グレート・ムタの日本デビュー戦の失敗に、馳浩は「俺が盛り上げてやる」 大流血の死闘を締めた「担架へのムーンサルト」 (2ページ目)

  • 松岡健治●文 text by Matsuoka Kenji
  • 山内猛●撮影 photo by Yamauchi Takeshi

――なるほど。

「ただ、当時の僕は『馳はベトコン・エクスプレス でやらへんのや』と思いましたよ」

――ベトコン・エクスプレスとは、1985年8月にジャパンプロレスに入団した馳さんが、海外修行先のカナダ・カルガリーで先輩の新倉史祐とタッグを組み、覆面をかぶっていた時のリングネームですね。

「そうですね。新倉さんがベトコン1号、馳さんが2号でした。越中さんの『サムライ・シロー』はただのリングネームでしたけど、馳さんの場合は覆面レスラーですから、ムタと同じように別キャラクターだったんです。ムタvsベトコン2号のほうが、ムタvsサムライ・シローよりよっぽど『化身対決』だったと思います(笑)。しかもジャパンプロレス時代は、権利も何もなかったはずですから、勝手に覆面レスラーとしてやろうと思えばやれたはずですよ」

――ムタvsベトコン2号が実現していれば、プロレスの歴史が変わっていたかもしれませんね。ただ、そうして迎えたムタvs馳はすさまじい試合になりました。

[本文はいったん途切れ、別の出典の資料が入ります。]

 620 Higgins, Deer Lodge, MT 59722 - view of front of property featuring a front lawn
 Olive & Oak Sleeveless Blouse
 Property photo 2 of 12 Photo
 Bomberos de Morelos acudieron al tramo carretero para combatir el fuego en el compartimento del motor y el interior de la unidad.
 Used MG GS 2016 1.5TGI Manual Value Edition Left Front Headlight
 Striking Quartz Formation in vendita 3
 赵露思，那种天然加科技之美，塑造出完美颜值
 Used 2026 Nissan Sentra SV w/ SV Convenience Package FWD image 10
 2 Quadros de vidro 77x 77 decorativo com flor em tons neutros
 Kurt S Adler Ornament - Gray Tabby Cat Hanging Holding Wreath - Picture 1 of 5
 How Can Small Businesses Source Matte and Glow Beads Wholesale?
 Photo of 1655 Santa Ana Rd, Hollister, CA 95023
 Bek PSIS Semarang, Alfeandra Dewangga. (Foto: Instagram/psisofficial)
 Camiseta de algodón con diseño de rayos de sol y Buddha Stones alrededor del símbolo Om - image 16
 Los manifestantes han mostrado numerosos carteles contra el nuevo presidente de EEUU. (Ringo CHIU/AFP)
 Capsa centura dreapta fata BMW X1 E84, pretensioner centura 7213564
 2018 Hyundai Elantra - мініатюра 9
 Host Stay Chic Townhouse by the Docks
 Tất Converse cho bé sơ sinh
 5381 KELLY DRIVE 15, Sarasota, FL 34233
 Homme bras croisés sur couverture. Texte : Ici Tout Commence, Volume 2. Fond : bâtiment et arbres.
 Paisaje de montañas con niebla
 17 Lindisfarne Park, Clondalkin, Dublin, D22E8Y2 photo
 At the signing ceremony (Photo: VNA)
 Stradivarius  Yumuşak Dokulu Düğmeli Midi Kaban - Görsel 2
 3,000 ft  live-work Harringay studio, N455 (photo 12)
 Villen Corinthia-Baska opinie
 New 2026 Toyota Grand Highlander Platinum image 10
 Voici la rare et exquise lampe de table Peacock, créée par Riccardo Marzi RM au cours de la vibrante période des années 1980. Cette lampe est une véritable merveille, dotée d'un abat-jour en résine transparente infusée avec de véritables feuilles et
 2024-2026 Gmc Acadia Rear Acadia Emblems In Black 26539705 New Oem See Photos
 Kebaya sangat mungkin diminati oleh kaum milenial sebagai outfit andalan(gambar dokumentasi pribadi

「馳さんの『俺が盛り上げてやる』発言がありましたから、俺は『こんなこと言われて、グレート・ムタ(武藤敬司)のプライドはズタズタやろうな』と思っていましたが......試合は、ホンマに馳が動きまくる試合になって。それで、芸術的な映画のような、すごい試合になっていったんです」

――特に印象的だったシーンはありますか?

「馳さんが、コーナーに押し込んだムタに張り手をしまくるんです。そうしたら、ムタのペイントが消えていって素顔の武藤になったんですよ。つまり、ビジュアル的に『武藤敬司vs馳浩』になったわけです。

 だけどここから、武藤さんがサムライ・シロー戦ではほとんど出さなかった手刀やトラースキックなどのオリエンタル技をバンバン出した。そして、場外の鉄柱攻撃で馳さんの額を叩き割ったんです。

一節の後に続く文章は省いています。